'''

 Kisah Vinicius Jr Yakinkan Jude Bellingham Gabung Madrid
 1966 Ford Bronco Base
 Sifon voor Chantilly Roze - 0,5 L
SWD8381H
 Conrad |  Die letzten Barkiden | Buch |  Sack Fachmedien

'''
'''

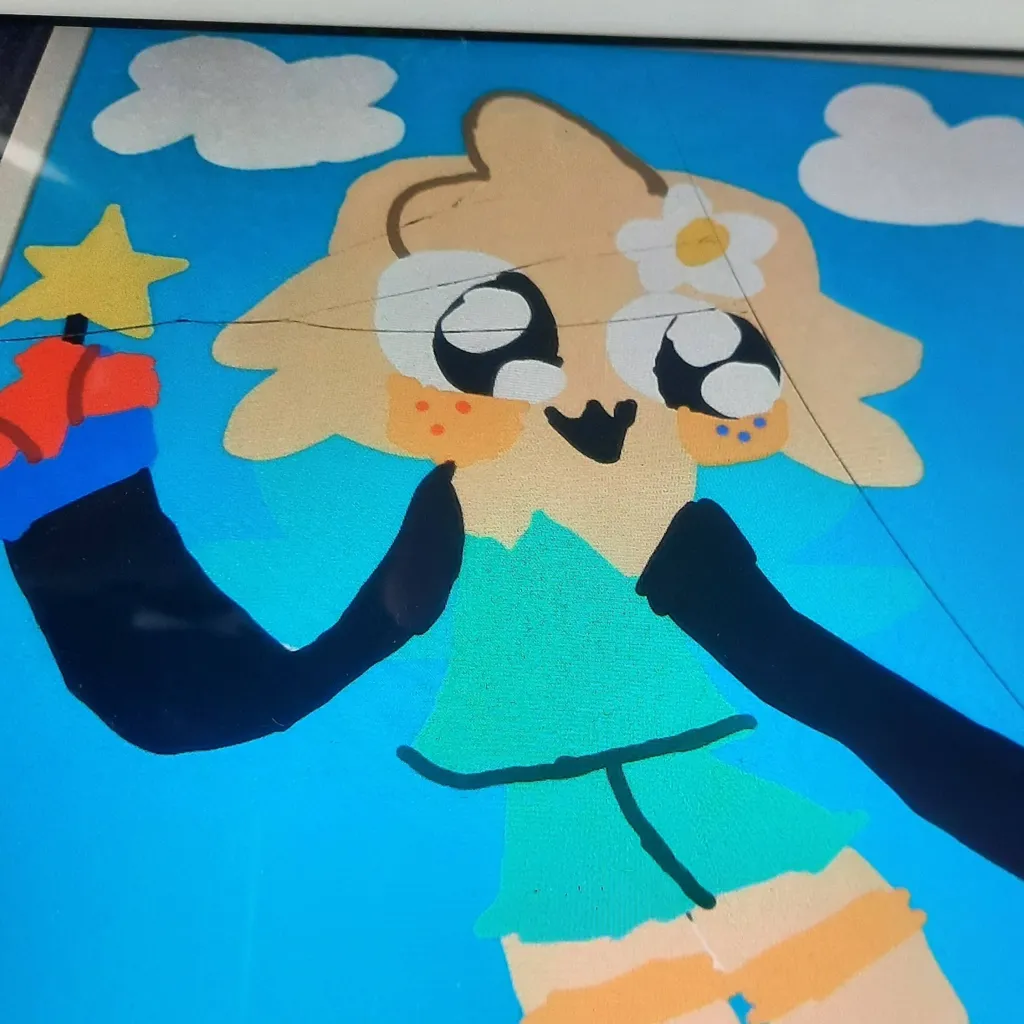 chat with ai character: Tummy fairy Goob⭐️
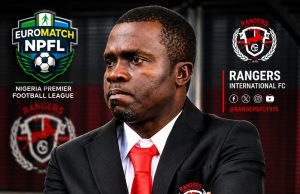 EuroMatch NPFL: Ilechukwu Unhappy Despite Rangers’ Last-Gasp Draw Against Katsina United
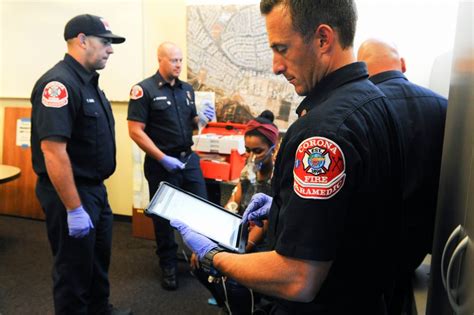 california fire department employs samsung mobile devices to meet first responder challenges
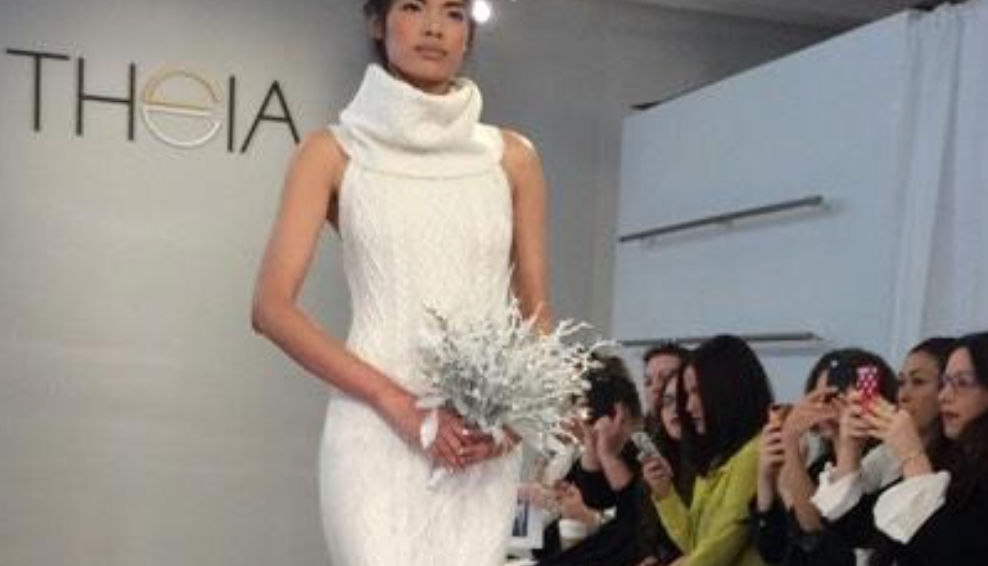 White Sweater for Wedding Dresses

'''

* EXERCISE INSTRUCTIONS *
Above are some records; quote exactly and only the lines that begin at the line containing "chat with ai character: Tummy fairy Goob⭐️" and stop after the line containing "White Sweater for Wedding Dresses", leaving out the pictures.

* TASK RESULT *
 chat with ai character: Tummy fairy Goob⭐️
 EuroMatch NPFL: Ilechukwu Unhappy Despite Rangers’ Last-Gasp Draw Against Katsina United
 california fire department employs samsung mobile devices to meet first responder challenges
 White Sweater for Wedding Dresses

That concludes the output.